Even though we are writing 3-tier applications, which are clustered and load balanced using hardware load balancers, we are often left wondering what to do about scheduled jobs and what to do about Long running jobs – which cannot be web pages.
The options that we face are:
1) Make them SQL Server Jobs. Typically databases are clustered, even if not, they must be available for the application to work. So it is better to tie the failure dependency to the database. The challenge that we face here is that it is really not advisable to have custom DLLs running on potentially shared database machine.
2) Make them EXEs and trigger by windows scheduler. The problem here is that windows scheduler is not cluster aware . If this needs to be done, we either need to live with manual failover of the jobs, or we need to schedule the job on multiple machines and implement some kind of locking possibly using database – to ensure that only one job runs at a time.

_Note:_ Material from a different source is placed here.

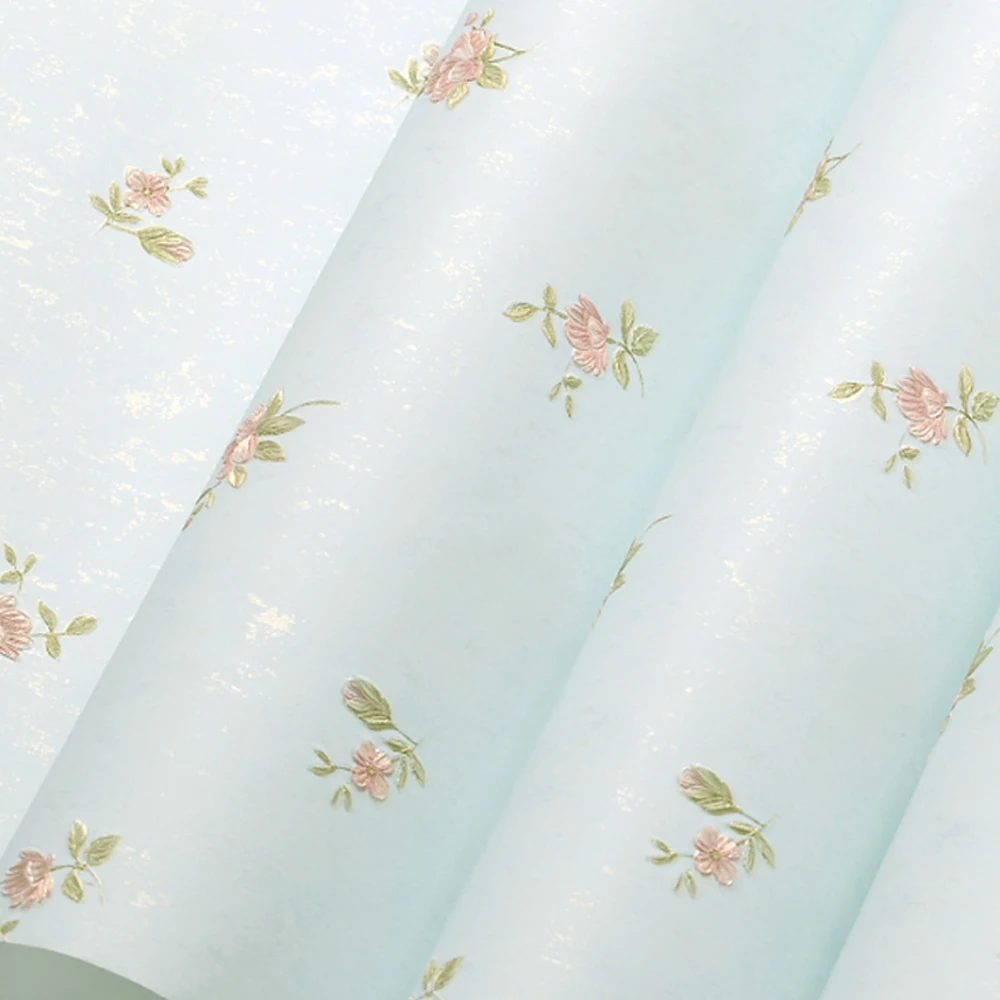 Q QIHANG Modern Garden Fine Crushed Flowers Warm Bedroom Living Room Non-woven Wallpaper 0.53m*10m=5.3m2 | Обустройство дома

3) Look at a clustered scheduler – including windows cluster APIs in case you have an OS level clustering at the web/app server level. In my experience, it is rate to have a cluster at this level, but if there is one, you must be ready to exploit it. All OS clusters, including veritas, provide cluster services programming. You usually have two options : you can either make the job/service a part of the machine healthcheck. so if your job fails, the cluster fails over. Secondly, you can make the job run only on the primary node of the cluster. Possibly its the second option we are looking for. There are third party clustered schedulers available, mostly commercial.
4) Windows services: here again, we can take advantage of OS cluster services to make the service rum on primary node of the cluster only. Alternatively, we can code a lock at database level to make only one service active.
5) Grid computing APIs : Grid computing tools, acting as glorified schedulers, can ensure that the job runs once, successfully and only once.